Since 1995 the night-café at Stengade 40 has provided the homeless people of Copenhagen a proper sleep, hot meal and tea or coffee. Stengade 40 is the only place in Copenhagen where foreigners can get in – all the other places are only for people with a CPR-number and a permanent residence in Denmark. Due to the horrible economic situation, they’re bound to shut down in january 2013. To lighten the economy, there’s a 3-week long summerholiday right now, which results in people sleeping in the park. To make them get a good nights sleep, some volunteers started a “café” that serves tea and coffee for the homeless sleeping there. Their help is much needed since the nights are cold and often very wet. Mainly people from Africa and Romania comes here. This is the first couple of interviews with some of the users from Folkets Park coffee-café.
Photos and words by Lasse Kofod. Thanks for the great translationhelp, Sabrina.
My name is Serban. I am fifty years old and comes from Romania. Me, my wife, Rosalia, and her parents travelled to Denmark about 3 months ago. We were told that there are jobs to get here, so we thought it could be exciting to go to another country and work for the summer. We bought a ticket to get to Copenhagen, but was left on the highway around 50 km south of Copenhagen. There was nothing else to do, so we walked the rest of the way. In Copenhagen we met some others from Rumania and got some hints and tips on how to live up here. Though I’ve been working in Spain and Italy at wineyards picking grapes, I found out that there was no jobs to get, and no flats to move in to. So we grouped up with some of the others and now we’ve lived in Folkets Park for a long time, sleeping on mattresses which we found in the garbage around town. Now we’re living of warm-hearted people like Monika (from the Night Café) who helps us when we need it, we’re trying to earn enough money to buy a ticket home to our house and family.
My name is Florentin. I am thirty-four years old. My wife, Carmen and I live forty kilometers outside a big city in Romania. Carmen has a 19-yeard old daughter who just gave birth to a healthy kid. I have an education as a car-painter, but there’s no jobs to find in that business in Romania, so like the rest of the guys from our camp here in Folkets Park, we are searching for jobs to get. Even though Denmark is cold, and the lack of summer doesn’t really help, we’re trying to get the best of it. We organize – some takes care of the camp and others go on the street to collect refund or find stuff we can use for the camp. It’s very cold at night, so a warm jacket can help you get a proper sleep for the night. We have a small farm back home, growing vegetables and selling them at the local market – we thought we could use the skills from this in Denmark, but no luck yet. We have to be inventive and stay together in our group in order to survive. Hopefully we’ll earn enough money to get home and see our family soon.
I’m Manuel. I’m forty years old.
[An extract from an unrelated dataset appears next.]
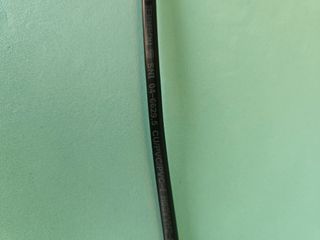 🔹 Cable de Corriente acodado para TV Samsung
I come from Romania, and since it’s a poor country I felt forced to search for jobs in other countries to feed my wife and kids at home. I’ve been here for just over a month, and haven’t found a job to earn good money of, so I’ve been collecting refund since I arrived. I was at Roskilde Festival with a group of other Romanians. Since I’m from the countryside it was a great shock for me to see all these drunk teenagers. Especially the young, pretty women who’d sit around men taking a piss. I think the danes are beautiful, but their drinking habits doesn’t suit me. I could only affort to be at Roskilde for two days, I collected for almost one thousand kroner which is what the ticket home costs. Hopefully I’ll leave next thursday, but I’ve heard the bus is almost fully booked.